Judul Buku : Membaca SANI
Penulis : Ramon, dkk
ISBN : 979998397-5
Penerbit : Akar Indonesia – PWI Kepri
Cetaka Pertama : 2013
Jumlah Halaman : 122
Buku berjudul ‘Membaca SANI’ ini ditulis oleh 19 orang wartawan Provinsi Kepri, salah satunya, Pemimpin Redaksi Majalah Siber Indonesia, J5NEWSROOM.COM, Saibansah Dardani. Dikoordinir oleh Ramon Damora, yang saat penerbitan buku ini menjabat sebagai Ketua PWI (Persatuan Wartawan Indonesia) Provinsi Kepri.
Para wartawan yang menulis buku ini adalah, Agus Harsanto, Ahmad Suroso, Alfan Zainal, Andra S Kelana, Candra Ibrahim, Dedi Suwadha, Evy R Syamsir, Febry Mahendra Putra, Hasan Aspahani, M Iqbal, Muhammad Nur, Novianto, Ramon Damora, Rizal Saputra, Saibansah Dardani, Sigit Rahmat, Sofyan Tanjung dan Taufik Muntasir.
Buku ini didedikasikan untuk mantan Gubernur Kepri, H. Muhammad Sani. Sebagai sosok tokoh yang berperan penting dalam suksesnya kegiatan hajatan nasional insan pers Indonesia di Provinsi Kepri. Yaitu, Hari Pers Nasiona (HPN) tahun 2015 lalu.
Berikut ini tulisan Pemimpin Redaksi Majalah Siber Indonesia, J5NEWSROOM.COM :
Oleh Saibansah Dardani
KEPRIHERITAGE.ID – SEBAGAI wartawan ekonomi yang fokus pada masalah perbatasan, saya mencatat satu poin penting dari profil Gubernur Kepri H Muhammad Sani. Yaitu, concern pada strategi pembangunan ekonomi wilayah perbatasan.
Ya, Pak Sani sesungguhnya bukan hanya sekadar seorang gubernur. Tapi juga sedang memainkan peran penting sebagai “penjaga beranda terdepan” Republik Indonesia.

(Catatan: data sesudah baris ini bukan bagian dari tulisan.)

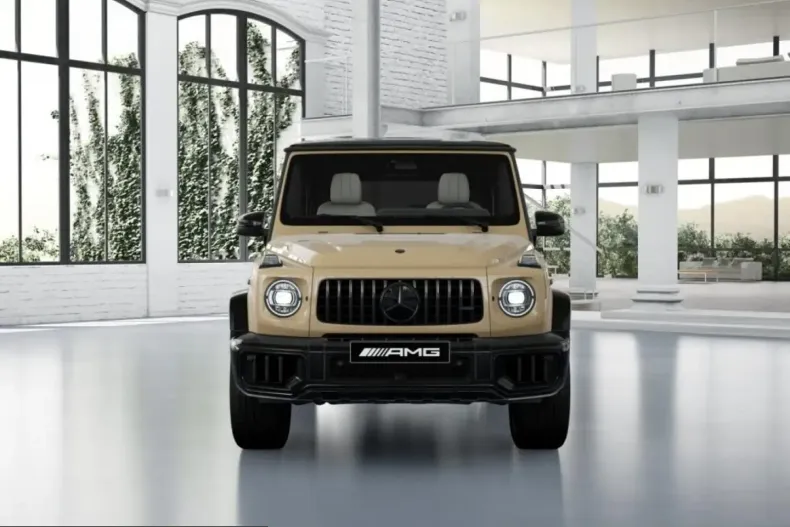 Mercedes-Benz G 63 AMG (Clasa G) din 2025 cu 9.244 km - oferta MER234238 - foto 4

Provinsi Kepri adalah salah satu provinsi kepulauan di wilayah perbatasan strategis di Indonesia. Maka, memimpin wilayah dengan 19 pulau yang berbatasan langsung dengan tiga negara, Malaysia, Singapura dan Vietnam, harus memiliki prioritas.
Saya melihat, salah satu prioritas Pak Sani adalah membangun ekonomi wilayah perbatasan. Untuk membuktikan kebenaran pengamatan saya itu, mari kita simak sejumlah langkah Pak Sani yang akan menjelaskan betapa concern-nya dia.
Mendesak BNPP Bangun Sarana Pulau Terluar
Pak Sani rupanya galau melihat sejumlah pulau terluar yang sudah memiliki populasi penduduk di Provinsi Kepti, tapi masih miskin sarana dan sarana infrastruktur.
Karena itulah, maka dalam rapat pleno BNPP (Badan Nasional Pengelola Perbatasan) yang dipimpin Kepala BNPP yang juga Menteri Dalam Negeri, Gamawan Fauzi, bersama 12 gubernur yang wilayahnya berperbatasan dengan negara tetangga serta menteri terkait, di Jakarta, Senin 13 Desember 2012 lalu, Pak Sani mendesak pemerintah pusat segera membangun sarana dan prasana di pulau-pulau terluar yang berpenduduk di Provinsi Kepri. Sumber anggarannya diambil dari APBN.
Dalam rapat itu, Pak Sani menyampaikan, ada alasan strategis mengapa dirinya sebagai “penjaga beranda terdepar” mendesak agar 4 pulau terluar di Provinsi Kepri segera dibangun sarana dan infrastruktur.
Yakni, karena keempat pulau itu secara geografis lebih dekat dengan negara tetangga. Secara kultural, penduduknya juga sudah akrab dengan budaya negara tetangga. Bahkan, mereka pun sudah terbiasa mengkonsumsi produk-produk makanan ataupun minuman dari negara tetangga itu.
Contohnya, Pulau Sekatung atau Pulau Laut. Jarak Pulau Sekatung dengan Vietnam hanya dipisah laut seluas 40 mil. Sementara jarak laut dengan Natuna jauhnya 60 mil. Padahal, Pulau Sekatung mengandung cadangan sumber gas alam yang sangat melimpah. Bayangkan, apakah dua fakta itu, pada satu waktu tidak mengundang “air liur” negara tetangga?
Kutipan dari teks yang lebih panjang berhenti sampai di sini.